[Opening DATA EXTRACTS section]
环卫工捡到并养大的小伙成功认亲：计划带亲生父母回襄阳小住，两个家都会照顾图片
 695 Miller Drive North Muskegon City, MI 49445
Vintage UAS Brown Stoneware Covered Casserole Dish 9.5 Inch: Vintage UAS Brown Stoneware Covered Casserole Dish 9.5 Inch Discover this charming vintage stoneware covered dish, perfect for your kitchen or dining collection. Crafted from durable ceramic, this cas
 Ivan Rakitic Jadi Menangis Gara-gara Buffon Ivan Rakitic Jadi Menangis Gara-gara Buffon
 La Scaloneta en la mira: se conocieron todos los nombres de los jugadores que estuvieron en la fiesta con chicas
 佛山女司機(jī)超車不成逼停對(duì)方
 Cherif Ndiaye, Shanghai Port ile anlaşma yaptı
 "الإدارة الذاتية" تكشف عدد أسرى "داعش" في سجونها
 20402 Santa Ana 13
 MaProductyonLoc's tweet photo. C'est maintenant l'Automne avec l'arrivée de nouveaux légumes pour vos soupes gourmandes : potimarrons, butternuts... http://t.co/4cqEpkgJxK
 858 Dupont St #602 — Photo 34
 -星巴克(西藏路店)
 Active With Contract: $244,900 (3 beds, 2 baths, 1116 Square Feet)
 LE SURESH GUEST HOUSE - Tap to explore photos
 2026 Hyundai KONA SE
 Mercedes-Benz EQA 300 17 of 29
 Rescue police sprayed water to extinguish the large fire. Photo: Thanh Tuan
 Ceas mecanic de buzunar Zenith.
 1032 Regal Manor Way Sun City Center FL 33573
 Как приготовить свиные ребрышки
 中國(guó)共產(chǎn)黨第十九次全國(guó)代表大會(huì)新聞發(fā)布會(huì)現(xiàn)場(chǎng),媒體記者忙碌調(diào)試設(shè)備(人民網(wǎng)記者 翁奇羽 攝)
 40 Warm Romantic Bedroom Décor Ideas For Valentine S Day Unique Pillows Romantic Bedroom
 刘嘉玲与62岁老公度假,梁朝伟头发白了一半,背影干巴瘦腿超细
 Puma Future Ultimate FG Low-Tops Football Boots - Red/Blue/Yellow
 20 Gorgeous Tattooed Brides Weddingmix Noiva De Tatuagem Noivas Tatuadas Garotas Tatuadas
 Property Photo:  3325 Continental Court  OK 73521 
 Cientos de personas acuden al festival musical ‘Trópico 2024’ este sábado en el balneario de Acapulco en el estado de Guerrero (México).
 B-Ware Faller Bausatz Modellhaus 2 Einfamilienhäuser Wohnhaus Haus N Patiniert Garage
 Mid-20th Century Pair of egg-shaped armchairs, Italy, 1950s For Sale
[Closing DATA EXTRACTS section]
TO DO:
In the entries above, find the line holding "20 Gorgeous Tattooed" and the line holding "Cientos de personas", then retype exactly those two lines and every line between them, and nothing else.

SOLUTION BELOW:
 20 Gorgeous Tattooed Brides Weddingmix Noiva De Tatuagem Noivas Tatuadas Garotas Tatuadas
 Property Photo:  3325 Continental Court  OK 73521 
 Cientos de personas acuden al festival musical ‘Trópico 2024’ este sábado en el balneario de Acapulco en el estado de Guerrero (México).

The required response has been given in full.